_DATA EXTRACT:_
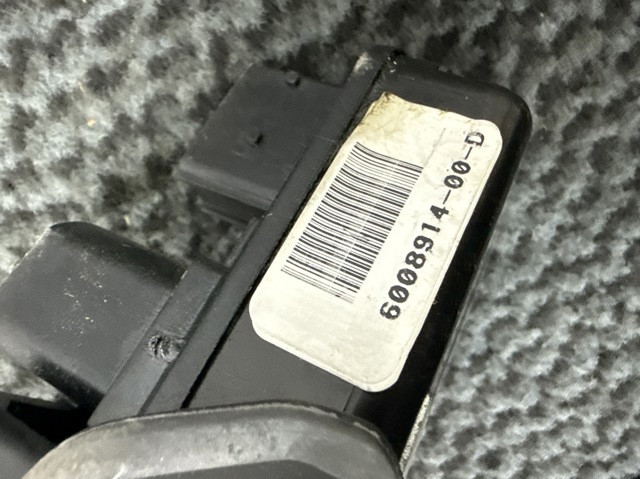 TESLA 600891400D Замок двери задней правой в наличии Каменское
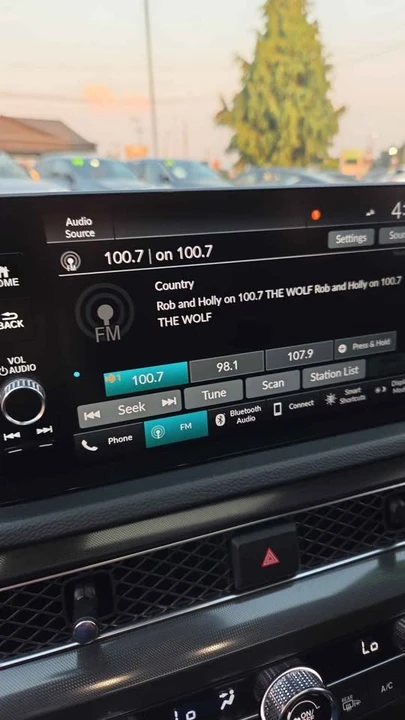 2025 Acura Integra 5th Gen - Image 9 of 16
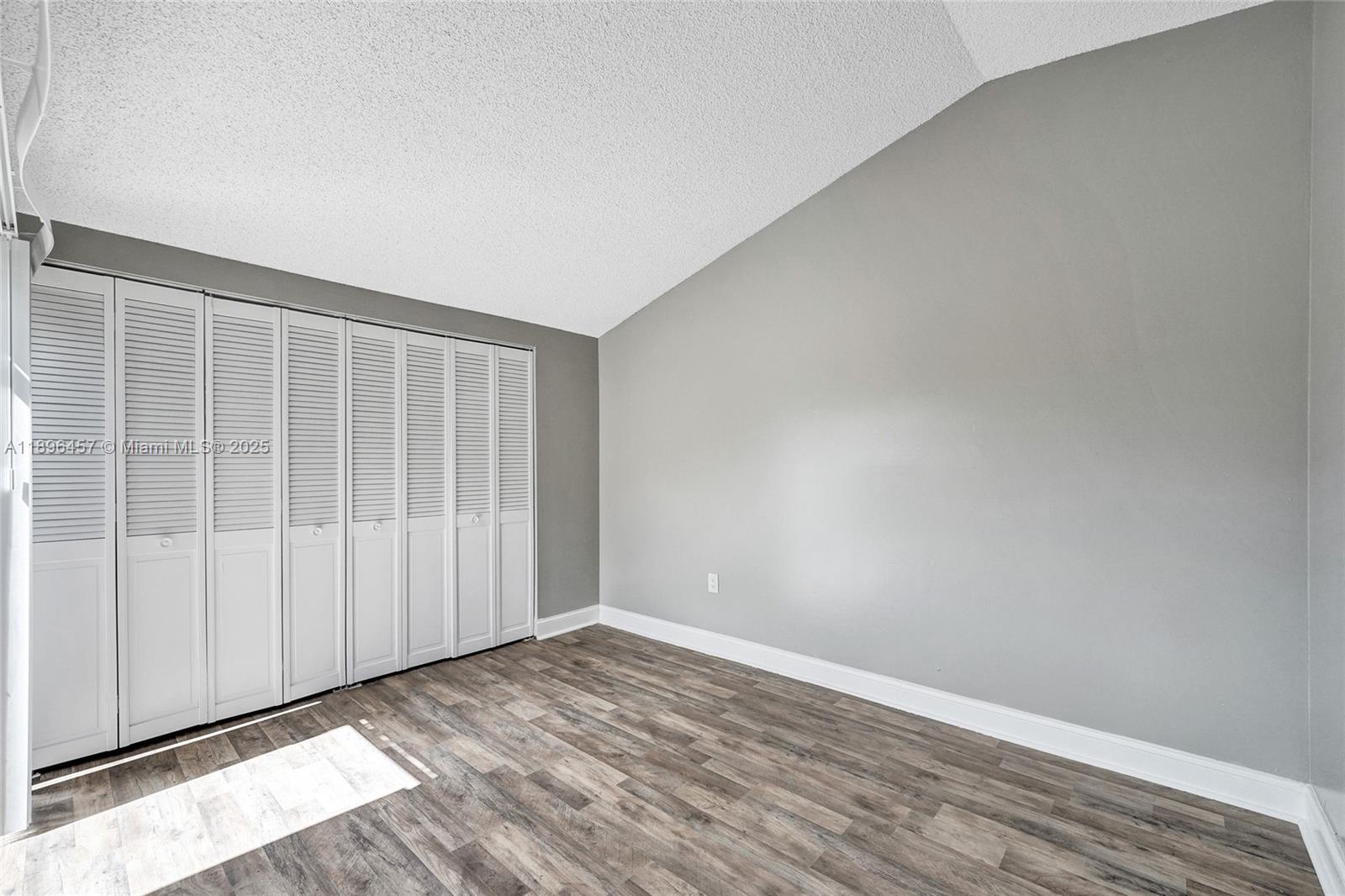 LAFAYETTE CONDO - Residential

_REQUIREMENT:_ Your reply should hold every line of the material, unaltered, and not one picture.

_RESPONSE BELOW:_
 TESLA 600891400D Замок двери задней правой в наличии Каменское
 2025 Acura Integra 5th Gen - Image 9 of 16
 LAFAYETTE CONDO - Residential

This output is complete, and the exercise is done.